Hello Church Family,

I have been praying for you this week from Psalm 90: “O Lord, satisfy us in the morning with your steadfast love, that we may rejoice and be glad all our days.”

This is a unique time in the life of our country. This is political “crunch time,” so to speak, when presidential hopefuls do their best to win states and gain their party’s official nomination. And what has struck me most, as I have watched pundits proffer poorly rehearsed critiques, is just how polarizing the candidates are.
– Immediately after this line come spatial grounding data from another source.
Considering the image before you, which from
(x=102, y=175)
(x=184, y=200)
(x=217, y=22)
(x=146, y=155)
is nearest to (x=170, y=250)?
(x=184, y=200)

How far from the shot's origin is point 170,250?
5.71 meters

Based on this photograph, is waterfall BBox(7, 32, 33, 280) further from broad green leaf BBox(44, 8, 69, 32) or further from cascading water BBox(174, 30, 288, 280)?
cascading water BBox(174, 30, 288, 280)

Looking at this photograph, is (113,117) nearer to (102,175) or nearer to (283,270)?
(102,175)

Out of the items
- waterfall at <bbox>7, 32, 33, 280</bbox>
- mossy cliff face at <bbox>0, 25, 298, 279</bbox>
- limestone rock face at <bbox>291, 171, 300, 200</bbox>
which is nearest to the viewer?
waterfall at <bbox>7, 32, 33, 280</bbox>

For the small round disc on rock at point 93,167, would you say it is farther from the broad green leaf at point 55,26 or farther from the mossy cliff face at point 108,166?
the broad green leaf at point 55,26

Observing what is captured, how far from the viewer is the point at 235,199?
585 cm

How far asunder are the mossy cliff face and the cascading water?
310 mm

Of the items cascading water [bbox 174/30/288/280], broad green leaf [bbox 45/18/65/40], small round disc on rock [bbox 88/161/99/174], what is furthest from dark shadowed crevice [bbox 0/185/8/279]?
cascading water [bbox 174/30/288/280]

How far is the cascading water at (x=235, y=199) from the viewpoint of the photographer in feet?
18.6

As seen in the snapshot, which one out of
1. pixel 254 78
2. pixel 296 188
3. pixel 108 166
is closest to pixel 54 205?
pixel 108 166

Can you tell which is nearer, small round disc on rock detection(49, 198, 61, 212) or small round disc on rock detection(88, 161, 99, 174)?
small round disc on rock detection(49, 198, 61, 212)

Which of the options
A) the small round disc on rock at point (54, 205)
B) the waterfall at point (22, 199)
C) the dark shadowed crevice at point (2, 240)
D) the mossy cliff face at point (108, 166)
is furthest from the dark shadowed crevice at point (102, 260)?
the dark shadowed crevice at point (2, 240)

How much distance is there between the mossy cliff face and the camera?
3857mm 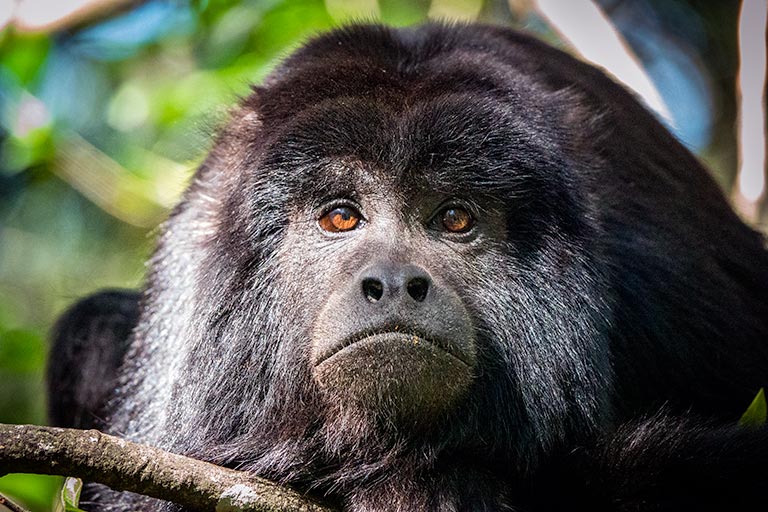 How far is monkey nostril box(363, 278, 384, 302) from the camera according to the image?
154 inches

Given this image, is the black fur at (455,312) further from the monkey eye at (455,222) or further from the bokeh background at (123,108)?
Result: the bokeh background at (123,108)

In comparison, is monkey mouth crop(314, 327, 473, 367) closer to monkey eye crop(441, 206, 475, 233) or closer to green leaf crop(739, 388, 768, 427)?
monkey eye crop(441, 206, 475, 233)

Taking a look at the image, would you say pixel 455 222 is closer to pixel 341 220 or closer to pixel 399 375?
pixel 341 220

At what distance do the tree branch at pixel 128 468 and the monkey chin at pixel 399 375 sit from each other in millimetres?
524

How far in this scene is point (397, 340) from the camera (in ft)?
12.7

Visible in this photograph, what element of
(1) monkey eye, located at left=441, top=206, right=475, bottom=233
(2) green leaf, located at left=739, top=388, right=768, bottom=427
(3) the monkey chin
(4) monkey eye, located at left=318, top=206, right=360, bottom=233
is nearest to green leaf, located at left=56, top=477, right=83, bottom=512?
(3) the monkey chin

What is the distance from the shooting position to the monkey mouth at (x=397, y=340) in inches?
153

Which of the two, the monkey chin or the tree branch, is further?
the monkey chin

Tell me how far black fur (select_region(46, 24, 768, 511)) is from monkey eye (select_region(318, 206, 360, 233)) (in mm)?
44

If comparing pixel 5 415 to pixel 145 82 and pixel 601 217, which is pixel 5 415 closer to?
pixel 145 82

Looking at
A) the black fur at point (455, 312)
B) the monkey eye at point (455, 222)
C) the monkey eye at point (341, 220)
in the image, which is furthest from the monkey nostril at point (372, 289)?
the monkey eye at point (455, 222)

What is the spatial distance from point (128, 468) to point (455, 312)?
1.37m

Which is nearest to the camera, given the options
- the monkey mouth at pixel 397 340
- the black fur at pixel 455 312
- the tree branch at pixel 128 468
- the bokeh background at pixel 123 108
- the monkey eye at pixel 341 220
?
the tree branch at pixel 128 468

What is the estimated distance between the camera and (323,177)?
4.43 metres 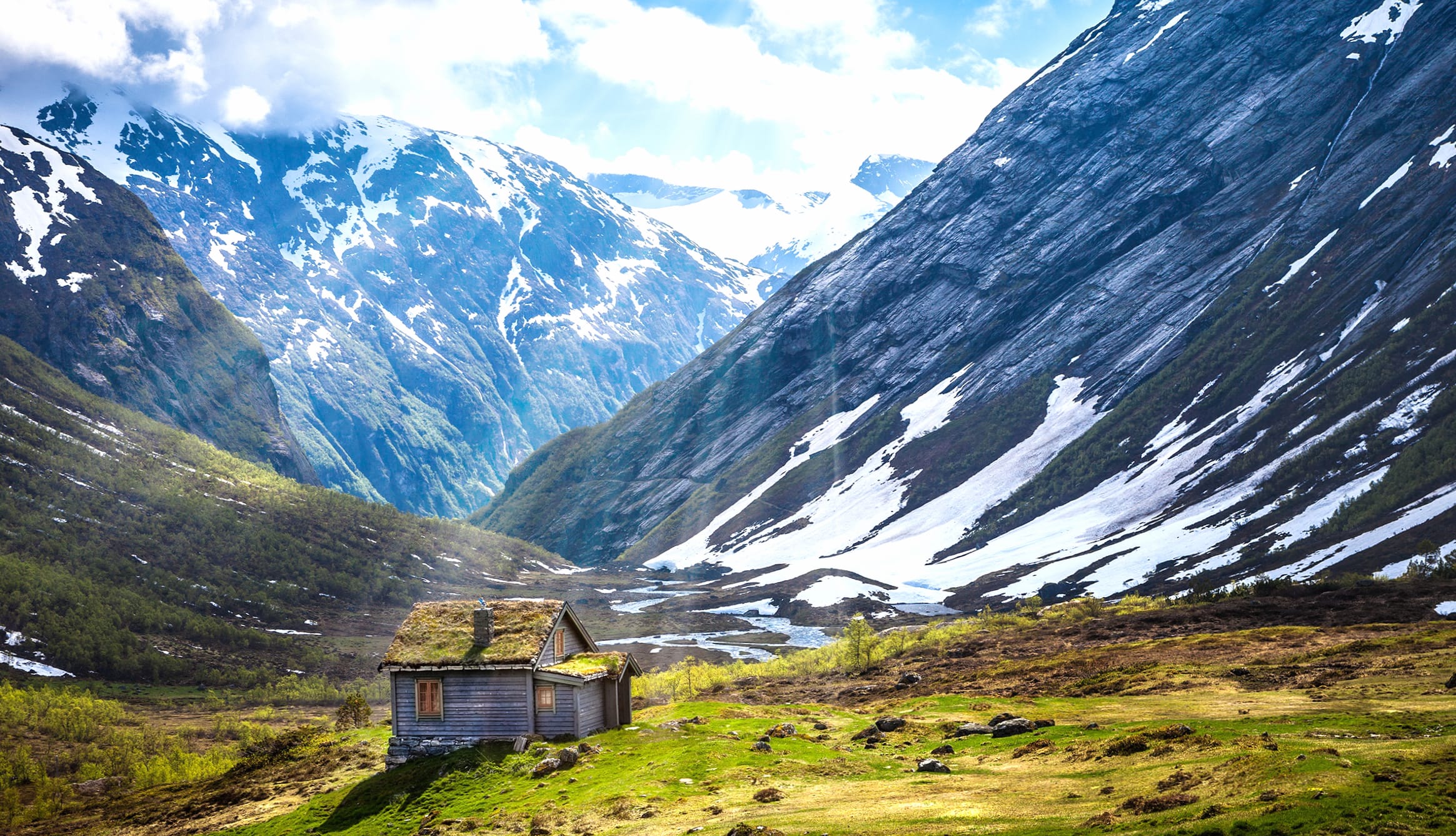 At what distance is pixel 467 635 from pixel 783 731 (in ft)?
57.0

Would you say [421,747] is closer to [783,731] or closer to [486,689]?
[486,689]

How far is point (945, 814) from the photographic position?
87.9 ft

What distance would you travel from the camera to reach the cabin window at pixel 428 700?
45594mm

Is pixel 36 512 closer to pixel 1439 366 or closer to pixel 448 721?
pixel 448 721

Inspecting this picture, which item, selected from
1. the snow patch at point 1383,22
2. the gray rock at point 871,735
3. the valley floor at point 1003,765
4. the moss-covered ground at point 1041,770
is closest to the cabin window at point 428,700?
the valley floor at point 1003,765

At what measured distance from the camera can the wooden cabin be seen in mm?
45094

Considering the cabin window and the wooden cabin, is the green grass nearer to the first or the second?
the wooden cabin

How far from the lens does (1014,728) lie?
4247 centimetres

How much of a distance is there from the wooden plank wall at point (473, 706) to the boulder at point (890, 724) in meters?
18.5

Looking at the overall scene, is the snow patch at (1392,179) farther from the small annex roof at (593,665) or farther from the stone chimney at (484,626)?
the stone chimney at (484,626)

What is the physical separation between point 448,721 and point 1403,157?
18577cm

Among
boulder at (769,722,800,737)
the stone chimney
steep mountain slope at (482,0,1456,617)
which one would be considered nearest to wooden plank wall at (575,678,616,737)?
the stone chimney

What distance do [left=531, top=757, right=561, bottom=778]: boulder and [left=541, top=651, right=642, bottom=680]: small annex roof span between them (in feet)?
14.7

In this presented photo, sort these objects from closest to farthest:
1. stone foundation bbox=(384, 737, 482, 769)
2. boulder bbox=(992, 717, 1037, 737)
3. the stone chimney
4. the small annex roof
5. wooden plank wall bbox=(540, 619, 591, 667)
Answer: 1. boulder bbox=(992, 717, 1037, 737)
2. stone foundation bbox=(384, 737, 482, 769)
3. the small annex roof
4. wooden plank wall bbox=(540, 619, 591, 667)
5. the stone chimney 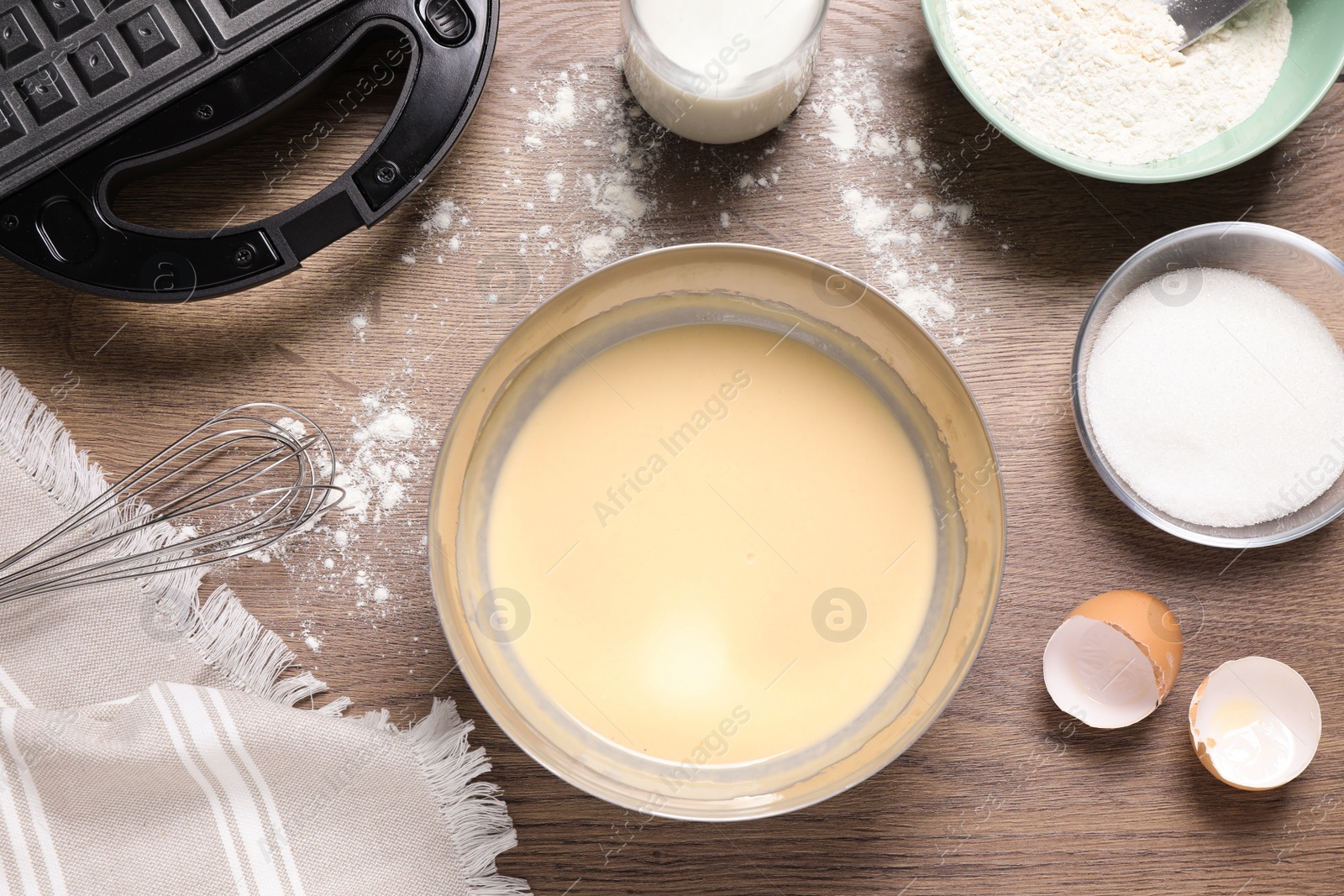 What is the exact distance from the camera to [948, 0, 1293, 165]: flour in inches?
29.2

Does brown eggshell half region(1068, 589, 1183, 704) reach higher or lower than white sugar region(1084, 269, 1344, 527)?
lower

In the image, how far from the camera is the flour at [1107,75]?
0.74m

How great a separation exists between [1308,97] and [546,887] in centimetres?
91

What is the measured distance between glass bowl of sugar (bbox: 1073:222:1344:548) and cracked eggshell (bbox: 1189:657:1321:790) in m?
0.12

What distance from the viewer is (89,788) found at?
0.72 metres

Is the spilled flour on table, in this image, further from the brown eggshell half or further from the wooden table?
the brown eggshell half

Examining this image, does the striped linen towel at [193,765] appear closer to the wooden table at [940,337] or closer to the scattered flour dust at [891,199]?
the wooden table at [940,337]

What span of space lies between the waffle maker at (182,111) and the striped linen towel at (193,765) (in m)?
0.19

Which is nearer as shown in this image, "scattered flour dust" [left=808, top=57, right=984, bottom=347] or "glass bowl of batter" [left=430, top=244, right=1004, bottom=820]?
"glass bowl of batter" [left=430, top=244, right=1004, bottom=820]

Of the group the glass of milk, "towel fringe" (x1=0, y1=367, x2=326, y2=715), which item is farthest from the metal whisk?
the glass of milk

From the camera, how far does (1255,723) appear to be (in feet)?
2.46

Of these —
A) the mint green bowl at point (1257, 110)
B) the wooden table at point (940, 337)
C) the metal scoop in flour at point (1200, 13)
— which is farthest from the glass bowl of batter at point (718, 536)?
the metal scoop in flour at point (1200, 13)

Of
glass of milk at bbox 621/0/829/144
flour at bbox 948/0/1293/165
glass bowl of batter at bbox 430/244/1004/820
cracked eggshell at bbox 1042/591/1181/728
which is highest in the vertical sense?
glass of milk at bbox 621/0/829/144

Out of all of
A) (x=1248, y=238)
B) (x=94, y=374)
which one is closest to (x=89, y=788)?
(x=94, y=374) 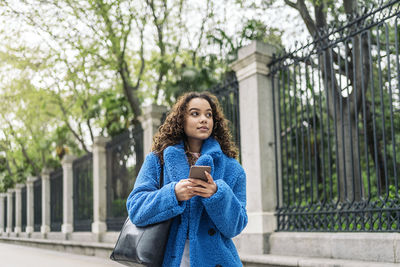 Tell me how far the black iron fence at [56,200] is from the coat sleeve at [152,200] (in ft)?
44.7

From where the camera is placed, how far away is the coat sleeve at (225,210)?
74.1 inches

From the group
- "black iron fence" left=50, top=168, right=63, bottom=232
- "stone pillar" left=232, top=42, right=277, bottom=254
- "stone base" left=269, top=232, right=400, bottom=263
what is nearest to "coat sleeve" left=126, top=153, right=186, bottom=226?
"stone base" left=269, top=232, right=400, bottom=263

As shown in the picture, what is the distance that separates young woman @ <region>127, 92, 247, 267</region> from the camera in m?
1.91

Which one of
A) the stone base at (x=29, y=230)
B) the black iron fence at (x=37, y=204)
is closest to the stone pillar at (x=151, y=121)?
the black iron fence at (x=37, y=204)

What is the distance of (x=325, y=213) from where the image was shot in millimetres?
5102

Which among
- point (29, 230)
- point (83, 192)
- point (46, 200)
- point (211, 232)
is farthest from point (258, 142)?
point (29, 230)

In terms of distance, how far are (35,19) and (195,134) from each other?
34.6ft

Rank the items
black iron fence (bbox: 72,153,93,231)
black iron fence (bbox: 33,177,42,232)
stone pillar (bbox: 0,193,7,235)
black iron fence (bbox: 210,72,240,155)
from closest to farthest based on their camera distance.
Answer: black iron fence (bbox: 210,72,240,155), black iron fence (bbox: 72,153,93,231), black iron fence (bbox: 33,177,42,232), stone pillar (bbox: 0,193,7,235)

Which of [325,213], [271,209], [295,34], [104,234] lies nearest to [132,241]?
[325,213]

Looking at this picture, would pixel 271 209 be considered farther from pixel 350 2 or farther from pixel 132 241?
pixel 350 2

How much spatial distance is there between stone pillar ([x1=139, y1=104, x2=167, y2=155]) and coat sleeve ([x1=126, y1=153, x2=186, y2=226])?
659 centimetres

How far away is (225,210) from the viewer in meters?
1.92

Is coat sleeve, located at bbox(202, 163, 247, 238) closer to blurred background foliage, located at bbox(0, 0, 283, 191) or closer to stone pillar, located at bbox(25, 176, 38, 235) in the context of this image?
blurred background foliage, located at bbox(0, 0, 283, 191)

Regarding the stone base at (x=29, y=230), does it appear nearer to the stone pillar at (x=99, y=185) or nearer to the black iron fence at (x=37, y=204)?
the black iron fence at (x=37, y=204)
It seems that, without exception, each man and woman engenders an intense love-hate relationship among the people he or she hopes to persuade.

Even so, it’s fair to say that no one has ever been more polarizing than Jesus Christ.

Jesus made just about everyone uncomfortable. And when we read the accounts in the gospels, we can’t help but feel a level of uneasiness ourselves. Like when we read about the time that Jesus chastises his disciples repeatedly for their lack of understanding. Or when he talks about a sin that’s impossible to find forgiveness from. Or the time Jesus turns away potential followers because of their shallow faith and materialism. Or the time when Jesus realizes that everyone needs to see him and he immediately goes somewhere else. Those descriptions are unnerving. And there are others.

Many people tend to think that Jesus was always patient; that he would never laugh (he was too serious for that); that he certainly never get angry; that he was always genteel and soft-spoken, that he would never be offensive, and that, above all, he was always polite.

But this “Gumbylike” Jesus—to borrow a phrase from Mark Galli—is nothing like the Jesus we see in the gospels, and certainly not in the Gospel of Matthew. In Matthew we find a Jesus who is, without question, loving and gracious and compassionate, who cares for children and feeds the poor, but also one who gets angry and is not afraid to show it; a Jesus who turned countless people away; a Jesus who is radical with his demands; and a Jesus, who, by all accounts, hangs with the wrong crowd.

This is the Jesus on display in the first book of the New Testament. And this is the Jesus we will be considering this Sunday, as we begin a new expositional series, through Matthew, called Thy Kingdom Come.

I can’t wait to worship God with you. Plus, the thought of learning more about Jesus excites me. Even though, to be candid, it makes me a bit nervous.